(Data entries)

*** Begin section ***

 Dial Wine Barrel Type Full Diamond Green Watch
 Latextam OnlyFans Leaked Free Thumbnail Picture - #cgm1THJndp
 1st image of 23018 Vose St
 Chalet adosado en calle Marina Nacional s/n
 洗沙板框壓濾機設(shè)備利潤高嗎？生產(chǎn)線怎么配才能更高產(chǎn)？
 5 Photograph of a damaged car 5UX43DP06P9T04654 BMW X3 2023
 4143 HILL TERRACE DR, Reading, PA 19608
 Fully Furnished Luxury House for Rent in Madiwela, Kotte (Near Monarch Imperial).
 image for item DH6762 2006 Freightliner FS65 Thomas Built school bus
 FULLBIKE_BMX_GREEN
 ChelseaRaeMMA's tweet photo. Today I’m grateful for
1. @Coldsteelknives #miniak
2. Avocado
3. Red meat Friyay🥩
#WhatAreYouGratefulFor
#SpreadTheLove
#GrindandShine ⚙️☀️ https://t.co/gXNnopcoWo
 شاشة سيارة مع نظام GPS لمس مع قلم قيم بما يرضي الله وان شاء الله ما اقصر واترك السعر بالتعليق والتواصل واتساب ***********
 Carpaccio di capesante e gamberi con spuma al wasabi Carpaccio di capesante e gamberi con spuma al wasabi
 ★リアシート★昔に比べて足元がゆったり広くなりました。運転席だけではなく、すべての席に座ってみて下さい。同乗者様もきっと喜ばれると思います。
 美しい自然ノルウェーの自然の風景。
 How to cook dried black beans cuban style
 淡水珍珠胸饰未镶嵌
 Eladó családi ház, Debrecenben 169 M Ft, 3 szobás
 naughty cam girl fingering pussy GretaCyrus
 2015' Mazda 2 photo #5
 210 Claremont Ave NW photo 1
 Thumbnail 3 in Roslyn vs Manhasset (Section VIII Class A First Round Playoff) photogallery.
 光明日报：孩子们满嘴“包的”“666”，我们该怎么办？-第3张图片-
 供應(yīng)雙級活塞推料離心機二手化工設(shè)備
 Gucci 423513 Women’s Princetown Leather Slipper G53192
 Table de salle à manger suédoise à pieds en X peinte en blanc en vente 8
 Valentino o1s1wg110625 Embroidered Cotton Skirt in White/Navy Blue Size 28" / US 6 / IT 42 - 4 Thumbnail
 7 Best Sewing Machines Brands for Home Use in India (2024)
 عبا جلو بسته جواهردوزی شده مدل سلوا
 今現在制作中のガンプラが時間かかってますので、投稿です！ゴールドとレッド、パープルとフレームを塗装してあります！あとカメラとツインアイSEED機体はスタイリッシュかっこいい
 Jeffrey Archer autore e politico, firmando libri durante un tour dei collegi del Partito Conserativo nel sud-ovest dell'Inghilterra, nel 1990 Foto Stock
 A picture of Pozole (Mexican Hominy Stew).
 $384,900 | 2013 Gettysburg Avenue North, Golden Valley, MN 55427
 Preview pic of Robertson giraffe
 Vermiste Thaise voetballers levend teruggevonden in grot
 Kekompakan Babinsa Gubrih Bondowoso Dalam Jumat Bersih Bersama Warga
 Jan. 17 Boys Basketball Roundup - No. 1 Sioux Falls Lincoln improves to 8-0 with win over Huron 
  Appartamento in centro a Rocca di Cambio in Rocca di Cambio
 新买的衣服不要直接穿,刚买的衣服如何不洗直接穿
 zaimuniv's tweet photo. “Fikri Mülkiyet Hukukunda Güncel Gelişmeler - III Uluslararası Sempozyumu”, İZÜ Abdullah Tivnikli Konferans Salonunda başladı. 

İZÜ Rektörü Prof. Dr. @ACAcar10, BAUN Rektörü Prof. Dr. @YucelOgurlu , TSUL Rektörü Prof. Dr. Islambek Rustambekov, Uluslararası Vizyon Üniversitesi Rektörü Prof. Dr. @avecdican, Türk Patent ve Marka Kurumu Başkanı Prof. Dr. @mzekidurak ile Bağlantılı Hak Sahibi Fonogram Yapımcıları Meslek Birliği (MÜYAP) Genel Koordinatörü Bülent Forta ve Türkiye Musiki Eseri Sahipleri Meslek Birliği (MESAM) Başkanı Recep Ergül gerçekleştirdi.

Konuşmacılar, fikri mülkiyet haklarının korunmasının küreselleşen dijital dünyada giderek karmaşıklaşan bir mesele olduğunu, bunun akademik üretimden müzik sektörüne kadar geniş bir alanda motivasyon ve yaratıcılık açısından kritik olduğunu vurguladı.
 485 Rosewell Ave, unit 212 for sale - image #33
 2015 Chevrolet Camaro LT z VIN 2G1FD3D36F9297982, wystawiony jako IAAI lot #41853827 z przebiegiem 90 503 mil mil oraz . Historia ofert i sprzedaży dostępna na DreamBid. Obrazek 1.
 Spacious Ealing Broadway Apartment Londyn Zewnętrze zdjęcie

*** End section ***

Only a number is wanted here: the count of lines above that contain the word "Thumbnail".

RESPONSE:
3